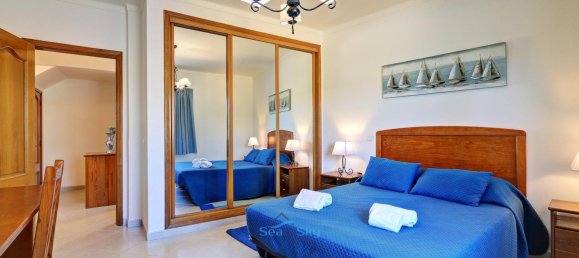 4 Schlafzimmer Haus in Porches, Portugal, Nr. 344626 26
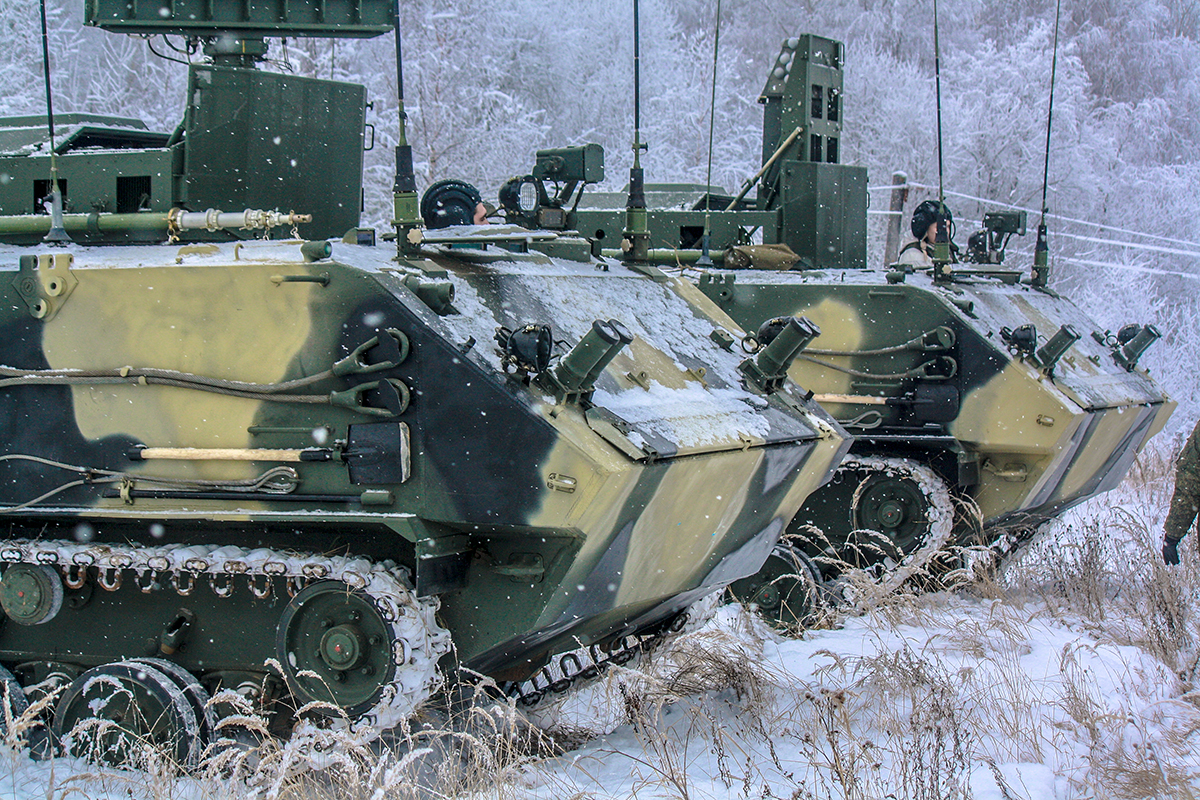 MasteringTheArmament2018-14.jpg
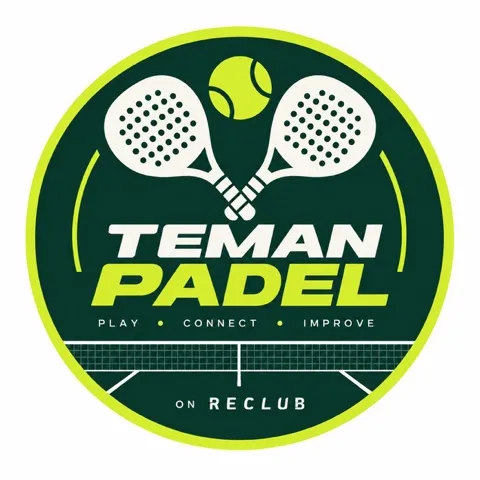 Teman Padel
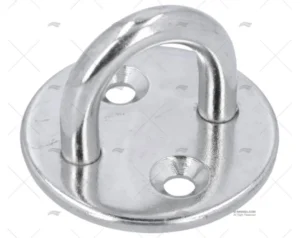platina-redonda-inox-6mm-con-ojo-tensores-imnasa-ref-20250494.webp PLATINA REDONDA INOX 6mm CON OJO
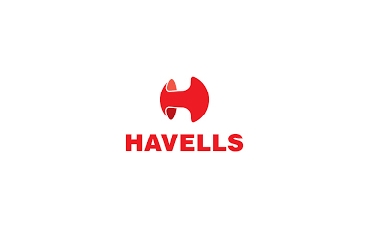 HAVELLS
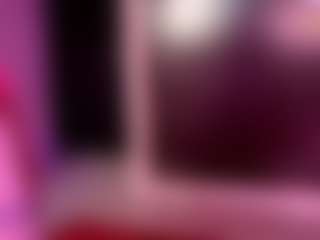 Ivanna Diamon's Live Sex Cam Show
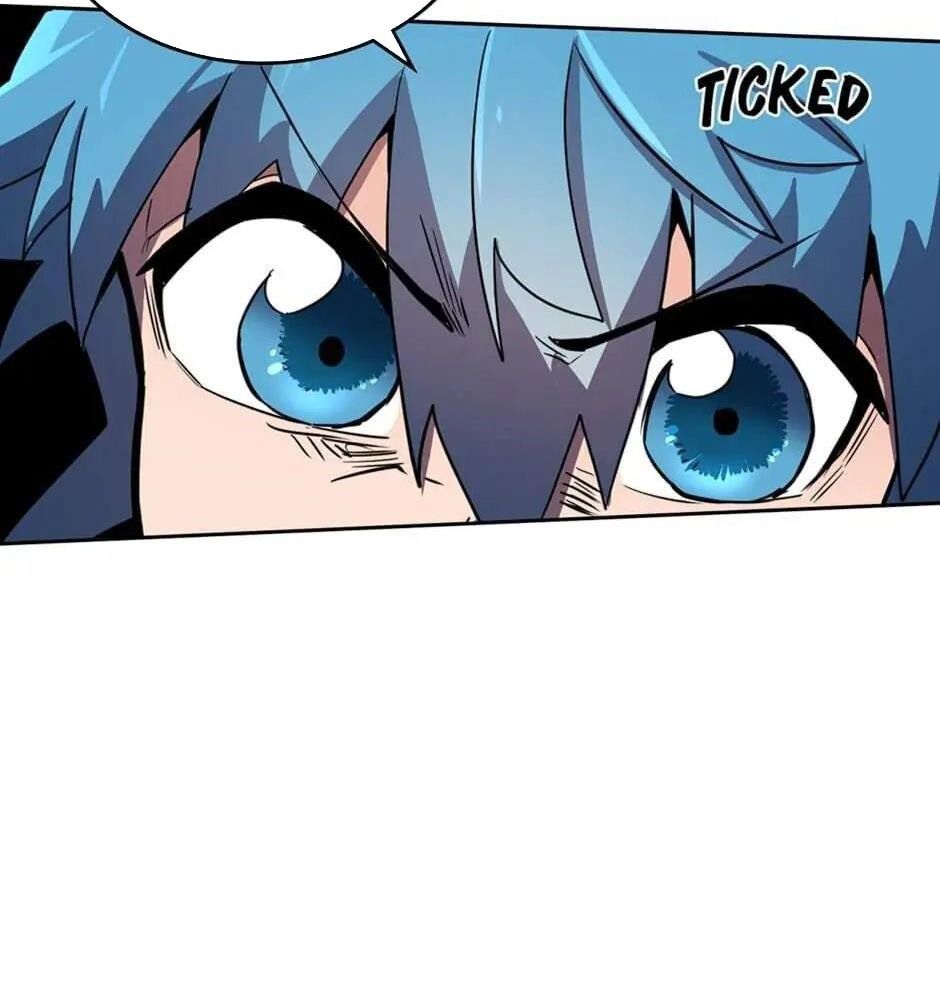 Sentaku No Toki [Chap 7-135]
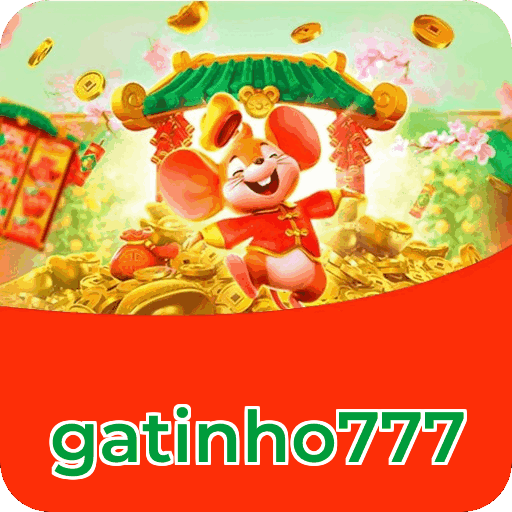 Instalação iOS gatinho777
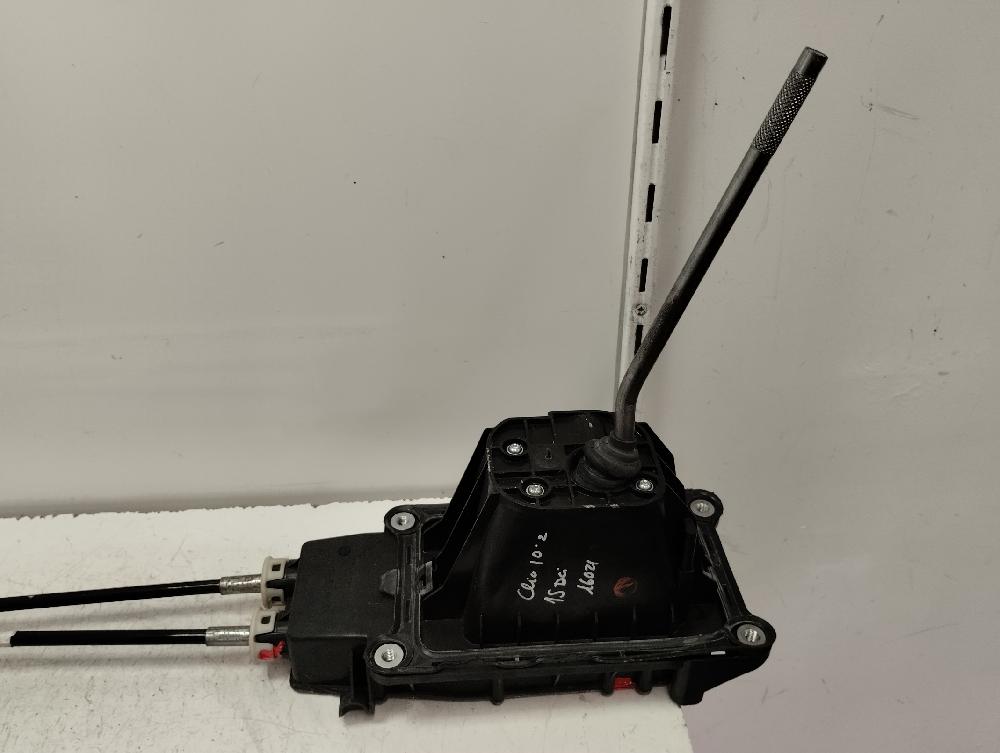 PALANCA CAMBIO RENAULT CLIO 1.5 DCI MT 85CV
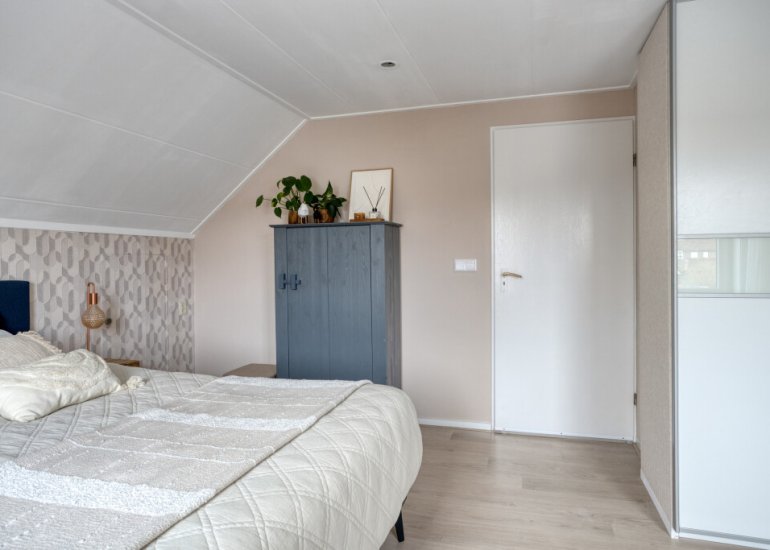  Klaprooslaan 16, Terneuzen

··········

◆ **Exercise description**: Copy the data above word for word. Pictures stay out.

◆ **Exercise response**:
 4 Schlafzimmer Haus in Porches, Portugal, Nr. 344626 26
 MasteringTheArmament2018-14.jpg
 Teman Padel
platina-redonda-inox-6mm-con-ojo-tensores-imnasa-ref-20250494.webp PLATINA REDONDA INOX 6mm CON OJO
 HAVELLS
 Ivanna Diamon's Live Sex Cam Show
 Sentaku No Toki [Chap 7-135]
 Instalação iOS gatinho777
 PALANCA CAMBIO RENAULT CLIO 1.5 DCI MT 85CV
  Klaprooslaan 16, Terneuzen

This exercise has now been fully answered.